There have been known light-emitting devices such as light-emitting diodes (LEDs) that use sapphire (α-alumina single crystal) as a monocrystalline substrate, with various types of gallium nitride (GaN) layers formed thereon. For example, light-emitting devices have been mass-produced having a structure in which an n-type GaN layer, a multiple quantum well (MQW) layer with an InGaN quantum well layer and a GaN barrier layer laminated alternately therein, and a p-type GaN layer are formed in a laminated manner in this order on a sapphire substrate. There have also been proposed multilayer substrates suitable for such an application. Patent Document 1, for example, proposes a gallium nitride crystal multilayer substrate including a sapphire base substrate and a gallium nitride crystal layer formed through crystal growth on the substrate.
It will be appreciated that when a GaN layer is formed on a sapphire substrate, dislocation is likely to occur because the GaN layer has a lattice constant and a thermal expansion rate different from those of the sapphire substrate, which is heterogeneous with respect to the GaN layer. Further, since sapphire is an insulating material, on the surface of which no electrode can be formed, it is impossible to form a vertically-structured light-emitting device including electrodes on the front and rear surfaces thereof. LEDs are hence receiving attention in which various types of GaN layers are formed on a gallium nitride (GaN) single crystal.
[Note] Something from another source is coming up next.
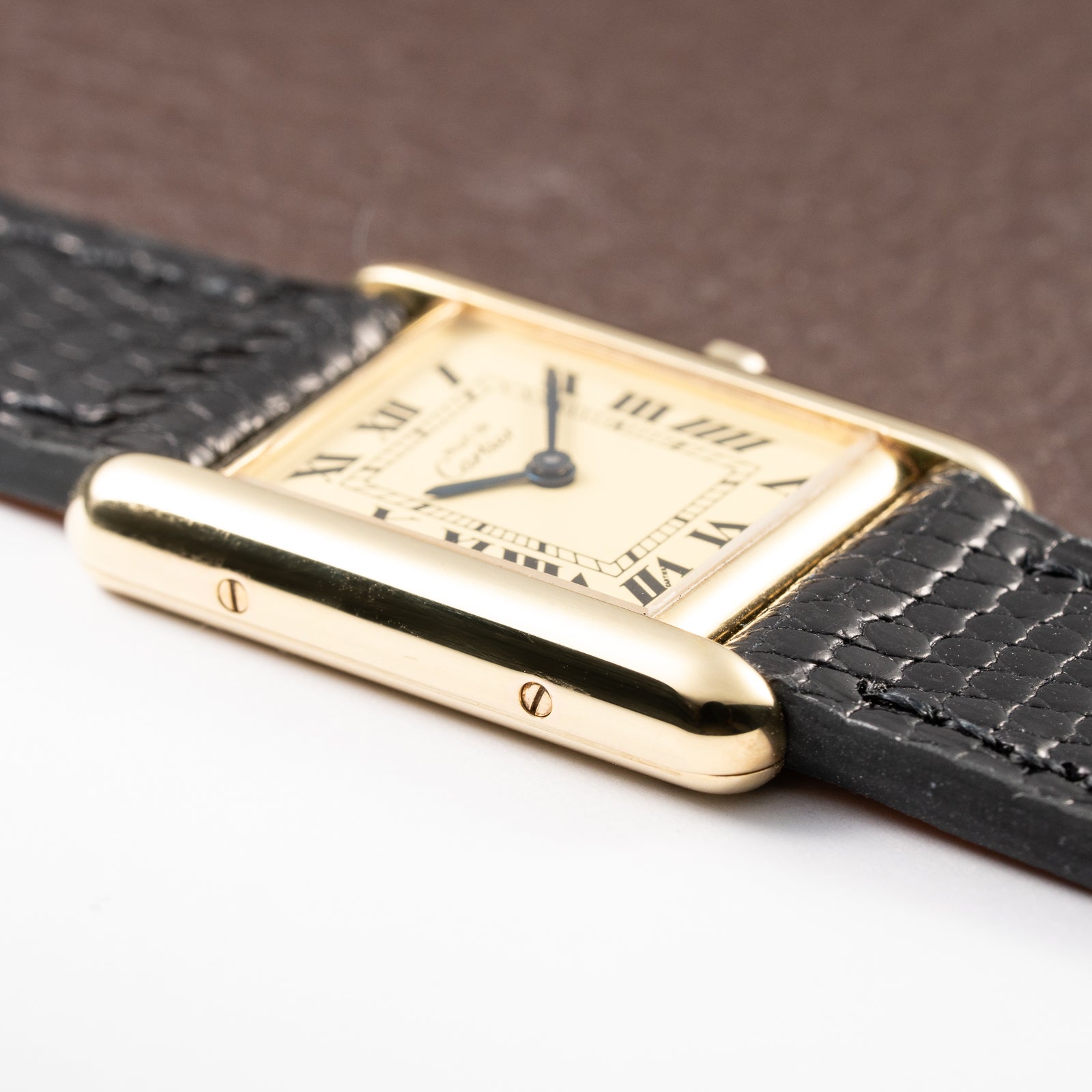 Cartier Tank Must de Lemon Roman Dial Vermeil PM SM Quartz Ref 3 66001 from 1980s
Such a GaN monocrystalline substrate, which is of a homogeneous material with the GaN layers, allows for easy matching in the lattice constant and the thermal expansion rate and is expected to have an increased performance compared to using a sapphire substrate. Patent Document 2, for example, discloses a free-standing n-type gallium nitride monocrystalline substrate with a thickness of 200 μm or more.
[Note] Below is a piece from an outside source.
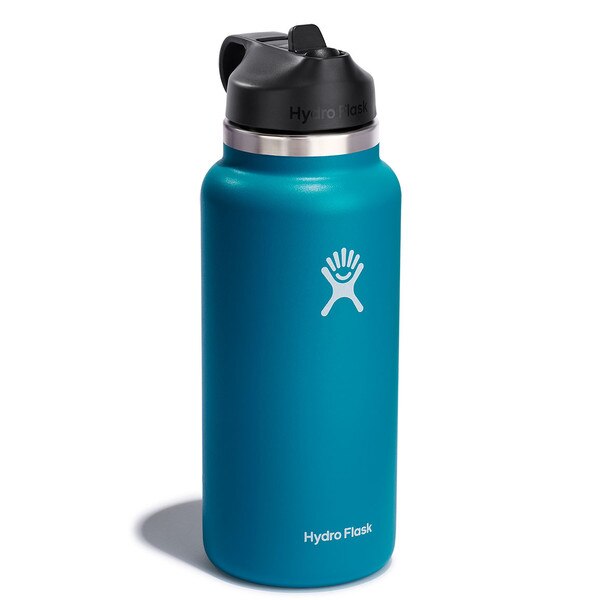 A teal 32 ounce stainless steel Hydroflask water bottle with straw lid and handle strap.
However, monocrystalline substrates are generally expensive, though having only a small area. In particular, while cost reduction in manufacturing LEDs using a large-area substrate has been demanded, it is not easy to mass-produce large-area monocrystalline substrates, and the manufacturing cost may contrariwise further increase. Hence, an inexpensive material has been required that can be substituted for gallium nitride or the like of these monocrystalline substrates. There have been proposed polycrystalline gallium nitride free-standing substrates that meet such a requirement. Patent Document 4, for example, discloses a polycrystalline gallium nitride free-standing substrate composed of multiple gallium nitride-based monocrystalline particles that have a particular crystal orientation in approximately the normal direction. Patent Document 3 also describes a polycrystalline gallium nitride free-standing substrate composed of multiple gallium nitride-based monocrystalline particles that have a particular crystal orientation in approximately the normal direction, in which the crystal orientations of the gallium nitride-based monocrystalline particles measured through inverse pole figure mapping of the electron back scatter diffraction (EBSD) on the substrate surface are distributed in a manner inclined at various angles with respect to the particular crystal orientation, with an average inclination angle of 1 to 10 degrees.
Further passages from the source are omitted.